Lesson Plan by Nick Webster
In this forty-five minute exercise students will explore earthquake waves and show the students the different ways energy propagates through matter. The exercise will consist of groups of two using the slinkys to create waves. Then using our slinky models we will show how it propagates though different soil.
Grade Level: 4-6
How earthquakes propagate through soil
How energy is transferred
What about an earthquake causes damage.
How earthquakes occur
Duration: 45 Minutes
Enough slinkys for every two students.
A large flat smooth space for them to preform the experiment.
A length of rope equal to a stretched slinky length for every two students.
Our large to small slinky example (Fig 1).
Fault:A place where one piece of the earth's crust is moving against another. It can be vertical or horizontal.
Foot wall:(Fig.2) When a fault is vertical and sloped, it is the part of the fault that is sloped downward. NOTE- it is shaped like a foot.
Hanging wall:(Fig. 2) When a fault is vertical and sloped, it is the part of the fault that has an overhang.
Normal Faults:(Fig.3) Faults in which the force on the fault is a pull, and so the foot wall and hanging wall are being separated. This makes the hanging wall slide down the foot walls face.
Reverse Faults: (Fig.3) Faults in which the force on the fault is push, and so the foot wall and the hanging wall are being forced together. This makes the hanging wall slide up the face of the foot wall.
Strike-slip Faults:(Fig. 3) Faults in which the fault itself is horizontal not vertical. Therefore there is no push together or pull apart of the curst pieces, but a friction filled scraping of their sides as they pass by each other. NOTE- the San Andreas Fault is this type.
S-Waves:(Fig. 4) S-waves, or secondary waves, are the second fastest waves from an earthquake and are the ones that cause the most damage. S-waves move perpendicular to the direction of the cause, in a wave similar to ocean waves.
P-Waves:(Fig. 4) P-waves, or primary waves, are the fastest traveling body waves which propagate out from an earthquake. It moves in a longitudinal way, using compression to transfer it self through the medium.
Procedure: 0-5 minutes
Have the children scoot all the desks to the sides or find another large flat space for them to preform the slinky experiment.

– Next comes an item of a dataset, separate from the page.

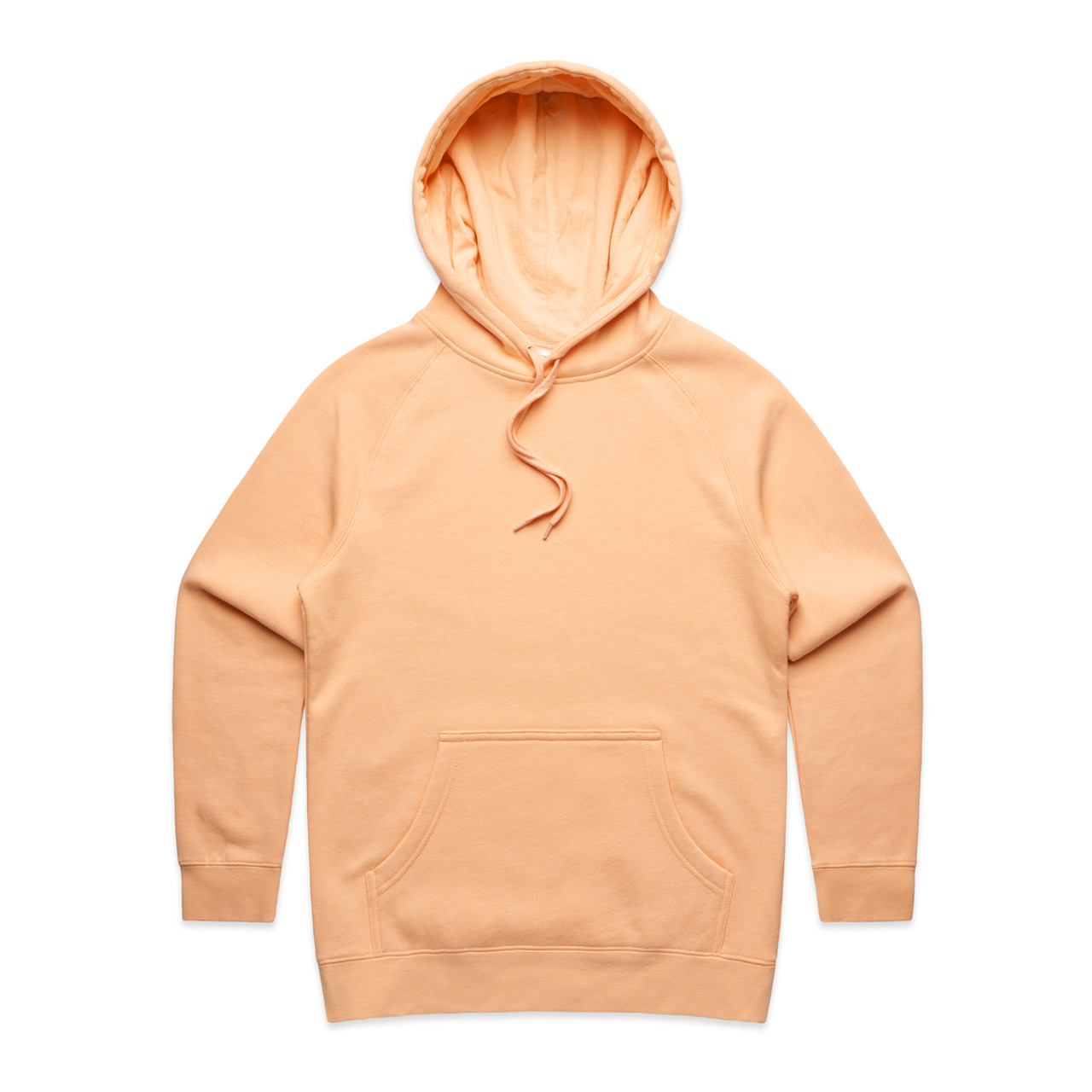 Wo's Supply Hood - Image 9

Have them sit in to parallel rows that eventually the slinkys will be put between (fig.5). Ask “How is school today? Why?” This will start a dialogue and invite them in.

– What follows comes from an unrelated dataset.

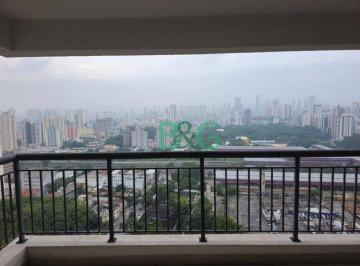 d51d438700ce27058735b63320318901339e912b · Apartamento à venda, 85 m² por R$ 1.220.000,00 - Tatuapé - São Paulo/SP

Invite them into the lesson by asking if anyone has ever been in an earthquake. Maybe ask them if they have seen them in movies and TV shows. Have them describe the experiences and discuss, “What are earthquakes like?” Then begin the lesson by asking, “Do they happen all of a sudden or do they take a long time?”
Take out the fault blocks and explain to them how the normal and reverse faults work. Ask where the push and pull would have to be on each block to create either a normal fault or a reverse fault. Once they have it down go over strike-slip fault. Do this rather quickly as this exercise is very short.

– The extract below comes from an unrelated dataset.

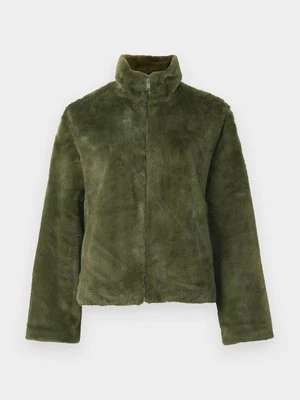 Kurtka zimowa Noisy May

Then start talking about how the energy from earthquakes gets to us. How do earthquakes, which usually happen deep underground effect us all the way up here? The energy gets to us in two different kinds of waves. Ask, "Where have you heard of waves before?" "What travels in waves?"
Explain about tPrimary and SEcondary waves and, after telling the students how each wave moves the earth, discuss with them which one the think is more dangerous. Have a volunteer stand up with you and demonstrate these waves using a slinky.
Have the students spread out in two lines as shown in Figure 5. Ask them to have the rope in between them at first and try to create a primary wave. It cant really be done, its too dense. Then have them create a secondary wave, which can be done in the rope medium. Next have them put away the rope and use the slinky instead. Have them create a p-wave by giving the stretched out slinky a push. You will be able to see the energy propagating through the slinky in a compressional way. Next try s-wave again which should also be possible. Make sure you discuss how the medium, the flexibility of the slinky, is what allows these waves to pass. Then have them put away the slinky and in the middle of the lines of students spread the three layer medium slinky. Talk about how different mediums change how the wave goes through. Then use that as an example. Create p-waves with it and notice how they travel faster in some of the slinkys then others.
Now have the students get out a pen and paper and answer your assessment questions below. Then make sure the classroom in clean and do your outro.
Read the questions out loud and have the students answer them on a half sheet of paper.
1) (Draw them a normal fault on the board) Have them right down if its normal or reverse, then draw it themselves and label the foot and hanging wall.
2) We saw with the rope, that some mediums can't produce both waves. Do you you think sand could produce both p- and s-waves? Why?
3) What do you think would be more likely to feel big waves, sandy ground or concrete ground? Which would you build your house on and why?
4) Which is the most destructive wave?
State Standards Covered:
3:1:D"Students know energy can be carried from one place to another by waves, such as water waves and sound waves, by electric current, and by moving objects."